Overall, cancer mortality in the United States is unchanged in the last 25
years and higher now than it was in 1950 (even after taking into account
the aging population) because a rise in the number of people developing
cancer has swamped any improvements in treatment. As recently as the mid
1990s, an expert trying to measure the benefits of medical care ignored
cancer because he considered the effects of treatment negligible. ...”

NCHS, Health, United States, 2003, p. 136

. . . [A] task force assembled by the public health service . . . refused
to recommend screening for lung cancer or diabetes. Even if people with
these chronic conditions go to doctors for their problems early, most will
continue to deteriorate.

J. P. Bunker et al., Improving Health: Measuring Effects of Medical Care,
Milbank Quarterly 77 (1994), p. 225

Quoted by Farley and Cohen, Prescription for a Healthy Nation, Beacon,
2005


So imagine sometime this year they set up Watson in a medical center, and a
doctor submits a series of test results and observations of a patient. They
ask Watson, “what treatment do you recommend?” Watson says: “The benefits
of all known treatments are negligible. [CITE NCHS] The patient will
continue to deteriorate no matter what you do. [CITE BUNKER] I suggest you
let the person die in peace, rather than poking needles into him for no
reason. Human suffering without purpose is unethical. [E. WIESEL]” They
keep submitting different patient profiles, but Watson keeps coming up with
this answer. The machine has no financial or emotional investment in the
success of treatments, so it sees reality clearly.

Now there's an interesting SF story! Coming soon to a hospital near you.

These days a lot of things that used to be SF are finally becoming real.

- Jed


Re: [Vo]:Suppose Watson tells people cancer treatment does not work?

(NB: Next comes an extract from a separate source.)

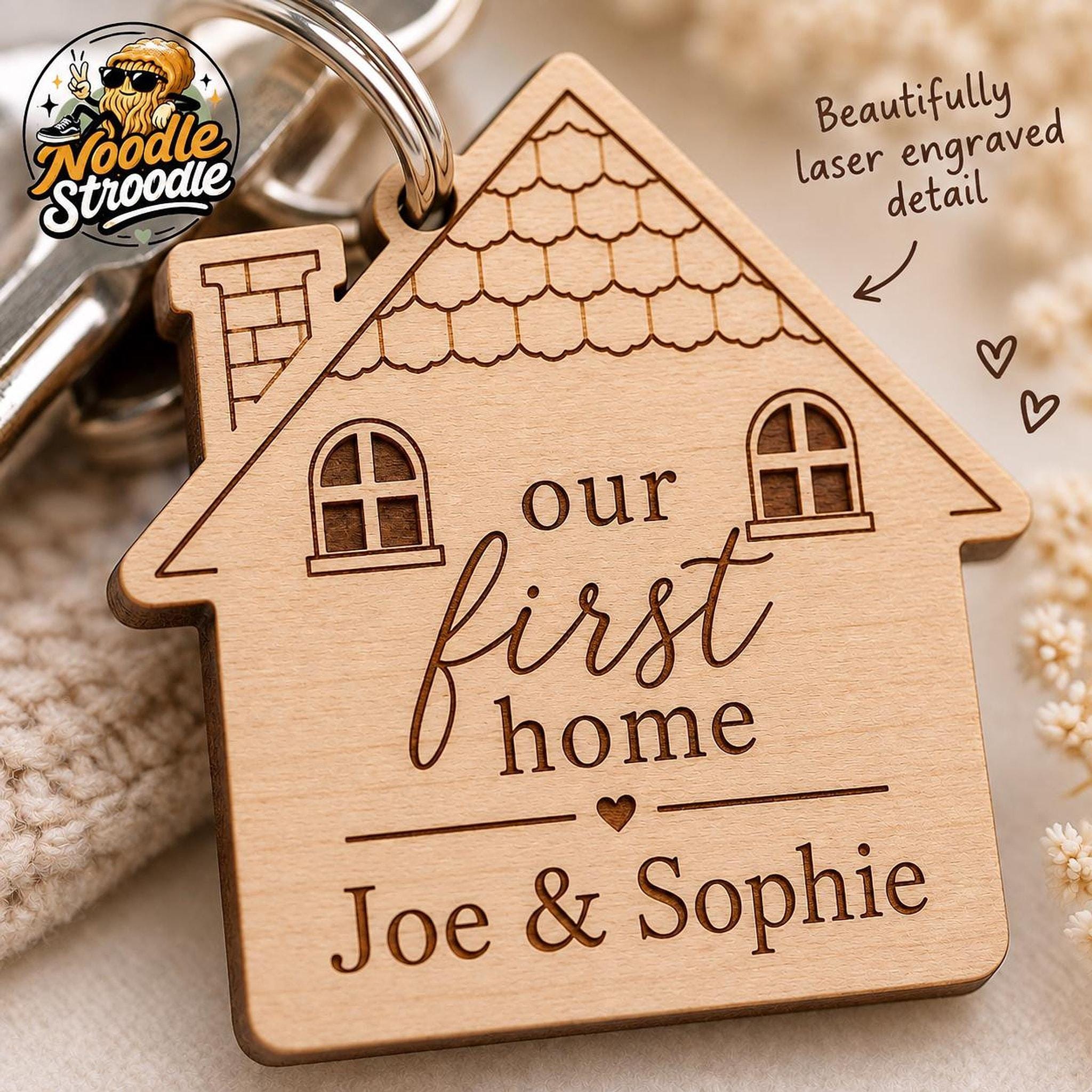 Personalised Wooden House Keyring, First Home Gift for Couples (Engraved Names) (2 Pack) - Image 4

2013-01-17 Thread John Berry
Only if you don't feed it any info from natural therapies (and alternative).

On Fri, Jan 18, 2013 at 11:55 AM, Jed Rothwell jedrothw...@gmail.comwrote:

 Whoa! I just thought of an interesting scenario.

 That article says that the first application they intend to use Watson for
 his cancer treatment recommendations. Suppose they feed Watson the entire
 corpus of cancer research, and he concludes that cancer treatment has no
 effect on the prognosis. Some experts believe that to be the case. Some
 relevant quotes are below. The gist of the skeptical view is that diagnosis
 has improved but the prognosis has not. In other words, they used to know
 you had cancer five years before you died, but now they find out 10 years
 before you die, so five-year survival rates have doubled. But the treatment
 action does no good.

 Here are the quotes:

 Overall, cancer mortality in the United States is unchanged in the last
 25 years and higher now than it was in 1950 (even after taking into account
 the aging population) because a rise in the number of people developing
 cancer has swamped any improvements in treatment. As recently as the mid
 1990s, an expert trying to measure the benefits of medical care ignored
 cancer because he considered the effects of treatment negligible. ...”

 NCHS, Health, United States, 2003, p. 136

 . . . [A] task force assembled by the public health service . . . refused
 to recommend screening for lung cancer or diabetes. Even if people with
 these chronic conditions go to doctors for their problems early, most will
 continue to deteriorate.

 J. P. Bunker et al., Improving Health: Measuring Effects of Medical
 Care, Milbank Quarterly 77 (1994), p. 225

 Quoted by Farley and Cohen, Prescription for a Healthy Nation, Beacon,
 2005


 So imagine sometime this year they set up Watson in a medical center, and
 a doctor submits a series of test results and observations of a patient.
 They ask Watson, “what treatment do you recommend?” Watson says: “The
 benefits of all known treatments are negligible. [CITE NCHS] The patient
 will continue to deteriorate no matter what you do. [CITE BUNKER] I suggest
 you let the person die in peace, rather than poking needles into him for no
 reason. Human suffering without purpose is unethical. [E. WIESEL]” They
 keep submitting different patient profiles, but Watson keeps coming up with
 this answer. The machine has no financial or emotional investment in the
 success of treatments, so it sees reality clearly.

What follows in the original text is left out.